Lately, there’s a lot of talk doing the rounds about Data Mining and Knowledge Discovery in the B2B industry.
What is all the excitement about anyway?
The fact of the matter is that there’s a lot of data being collected and organized on a regular basis by most organizations. Data being the most important asset of a company requires certain computational theories and tools to be converted into usable information. It is this requirement that has led to the evolution of knowledge discovery in the database. Data Mining is a process used by companies to convert raw data into meaningful information. By using software to look for order in a large quantity of data, businesses can know more about their customers and come up with the most productive marketing plan which is most economical for the enterprise. Data mining relies on effective data collection and storage along with computer processing. Data mining services are also known as Knowledge Discovery in Database (KDD).Data mining is the process of scrutinizing B2B Company Data from a different aspect and outlines it into useful information – information that can be used to increase revenue, cut costs, or both.
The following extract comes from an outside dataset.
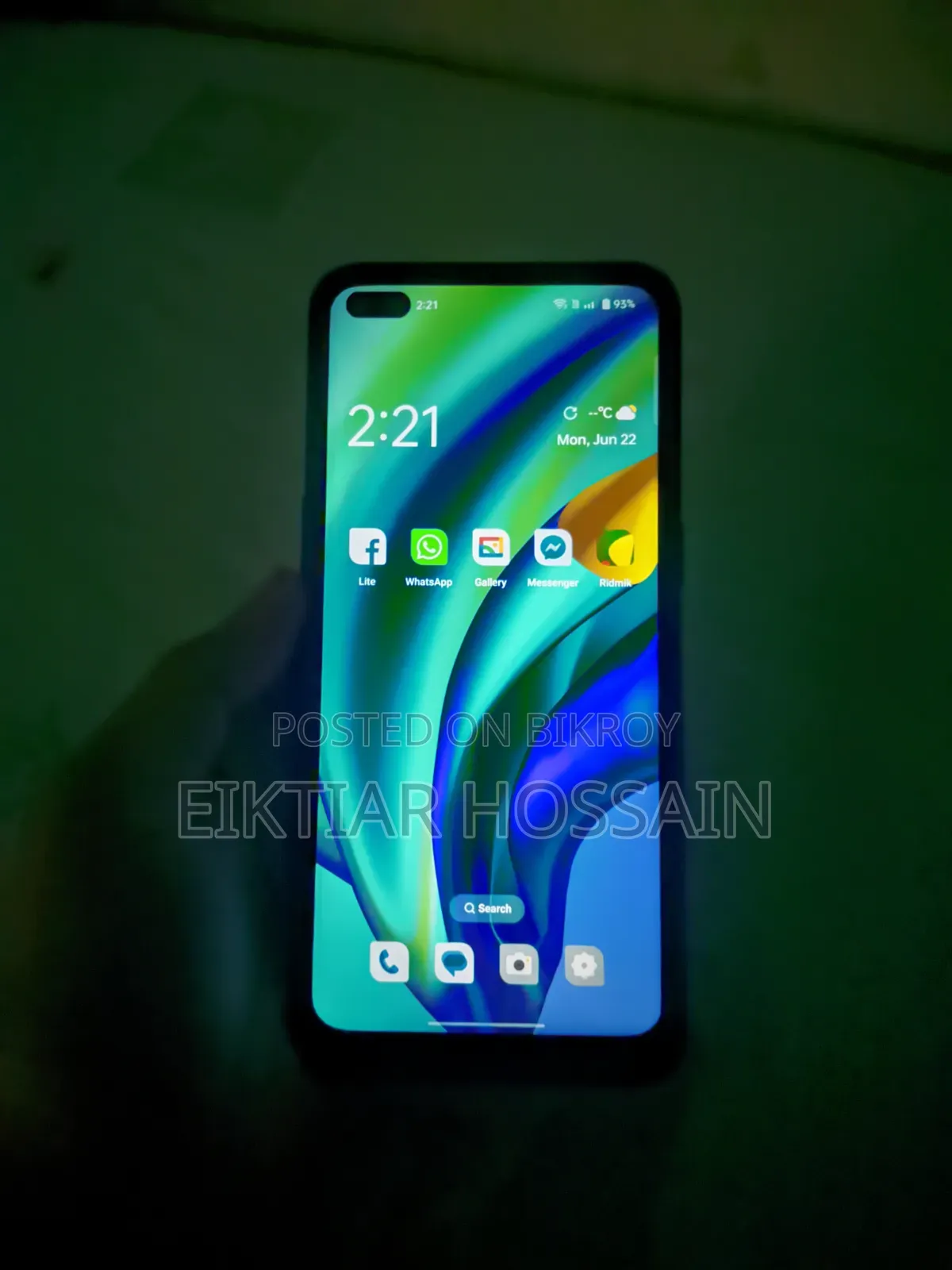 Oppo F17 Pro 128 GB White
Data mining software is one of a number of analytical tools for examining B2B Company Data. It allows users to examine data from many different aspect or angles, classify it, and outlines the relationships with business aspects. Practically, data mining is the process of finding interrelationship or patterns dozens of fields in large connected databases. Image reference: http://searchsqlserver.techtarget.com/definition/data-mining
Why is data mining important?
Data mining is basically used by companies who focus on strong consumer communication, retail, and marketing. It allows these companies to decide the relationship among various “internal” factors like product positioning, price, or staff skills, and “external” factors such as economic standards, demography of customers. And, it allows them to determine the influence on sales, customer satisfaction, and corporate profits. Ultimately, it allows them to get deeper to access information to view detail transactional B2B contact data. With data mining, a retailer can keep point-of-sale records of the purchase made by the customer in order to send targeted promotions on the basis of individual’s history of purchase. By mining demographic data from assurance card, the retailer can develop products and promotions to please specific customer group. For example, American Express suggests various products to its cardholders on the basis of analyzing their monthly expenditures.
How does data mining work?
As large scale information technology has been developing distinct transactions and well-organised systems, data mining extends the link between the two. Data mining software examines the relationship and patterns in preserved B2B Contact Data transaction based on open-ended user uncertainties. Several types of analytical software are accessible: statistical, machine learning and neural networks. Basically, the relationships are sought on the basis of the below four types:
- Classes: stored B2B Contact Data is used as a base to discover data in pre-decided groups.
For example, A chain of the restaurant could mine data of customers purchase to ascertain when customer usually visits and what they typically order. This information can be used as a base to increase the crowd in the restaurant by having daily specials in the menu.
- Clusters: B2B Contact Data items are categorized according to analytical relationships or consumer priorities.
For example, Data can be extracted to discover market segregations or consumer rapport.
- Associations: Data can be extracted to know associations.
- Sequential Patterns: Data is usually extracted to foresee behavioral patterns and trends.
Conclusively, Data Mining is an essential tool to obtain actionable information as well as to forecast trends, thus it helps in smarter decision making and designing of strategic multichannel marketing campaigns to reach the target market segment.